TMOC: Why Did He Do That?

We absorb God’s truth via His Spirit’s Presence in our souls. As one might expect, you learn the answers to your own soul’s questions. When it comes time to teach and share that truth, you need to know what questions you can answer for other souls. Our greatest hope in sharing God’s truth is hearing good questions, and I got some great queries by email.

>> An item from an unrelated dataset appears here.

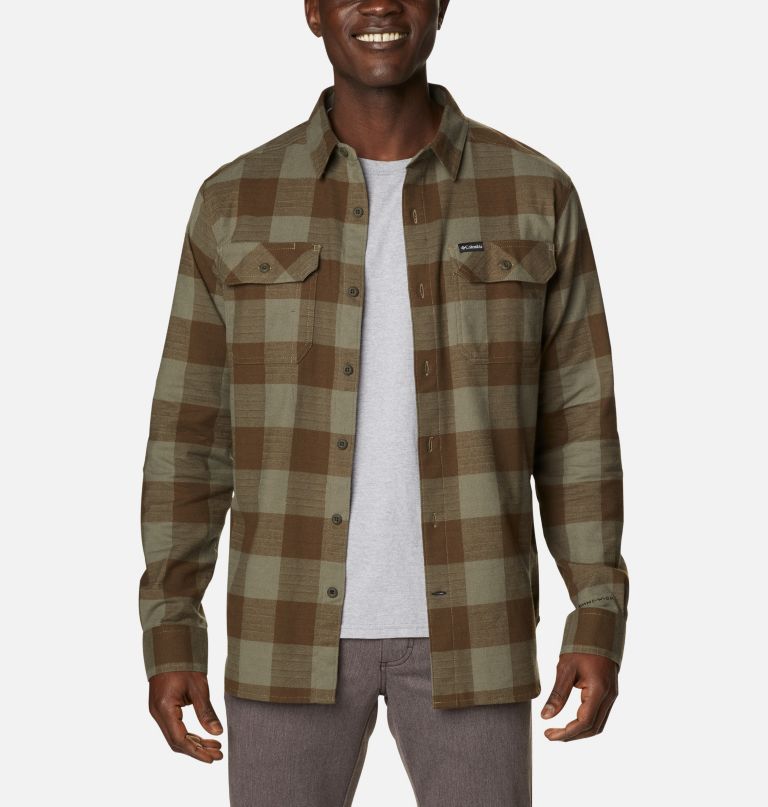 Columbi Men' Flar Gun Stretc Flanne Shirt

Jesus the man was a unique individual, if for no other reason He grew up not needing that spiritual breakthrough plaguing the rest of humanity. He was fully spiritually alive from birth, and was fully integrated very early in His life. A primary manifestation of such would be a powerful maturity. Not our Western sense of what is mature, but in His own Hebrew sense He would have been way ahead of other men. He didn’t suffer less than others, in the sense He passed through the common lot of humanity. However, He didn’t need three decades of internal maturation to know what He should expect from this fallen world. He suffered none of our delusions about the nature of things, and He was particularly sensitive to the moral fabric of Creation. All His suffering was legitimate, and He used what His Father provided to face it.

His expectations matched reality. That reality is revealed to varying degrees, in varying ways, by previous revelation. You can’t get that understanding any other way, and Jesus studied the Scriptures of His people without the blinders. It’s one thing to absorb the symbols of human communication; it’s quite another to seize their higher meaning.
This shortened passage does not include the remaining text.